Google announced a new tool on Tuesday called the Link Disavow Tool which allows webmasters to request that the search engine ignores certain inbound links from other websites which may be causing issues with their search engine rankings.
The tool, which can be found in Google Webmaster Tools and was announced yesterday via blog post on Google’s Webmaster Central Blog, is essentially an answer to requests and complaints from website owners everywhere who were suddenly penalized by Google’s Penguin update back on April 24th of this year.
The Google Penguin update essentially penalizes websites which have anchor-text-heavy inbound links from multiple low-quality websites in an attempt to unnaturally influence search engine rankings for specific keywords.
Up until now, the only way that webmasters and SEO’ers could remove potentially harmful links from low-quality directory sites, scraper sites, and other damaging inbound links was to e-mail the website and request that the link be adjusted and/or deleted.

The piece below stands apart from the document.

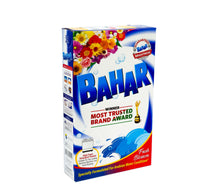 Bahar Washing Powder Fresh Blossom Top Load 1.35 kg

This was not always successful, either because the the webmaster of the site was unreachable or because their contact information was nowhere to be found.
Here’s a video in which Google’s Matt Cutts explains more about the tool:
A few FAQ’s regarding the disvow link tool:
Once I upload the file as shown in the Webmaster Tools blog post, how long will it take for Google to take action and ignore these links?
According to Matt Cutts, it can take a few weeks for Google to assess the links uploaded in the file and to make the necessary adjustments, so you’re not completely out of the penalty box right away.
What links should I be requesting Google to ignore?
According to Google’s linking guidelines, link schemes such as paid links, link exchanges, low-quality links such as links from social bookmarking sites and lower-quality directory sites, sitewide footer links, links from forum signatures, and any other links which are anchor-text-heavy such as links from article sites and unnatural guest blog posts should be analyzed.
So, what CAN you actually do anymore?
According to Google- not much.
Their stance that “everything will happen naturally” and that “you should just keep posting some great content on your site” sounds great and all, until you end up with thousands of pages on your site and you’re still stuck wondering why sites with multiple questionable inbound links are outranking you on Google.
Don’t take everything that Google says publicly to heart. There are still plenty of link building opportunities that will improve both organic and local search engine rankings, especially in the extremely competitive legal market. You just need to know what these opportunities are and how to find them. In other words, you need to become (or hire) a ninja.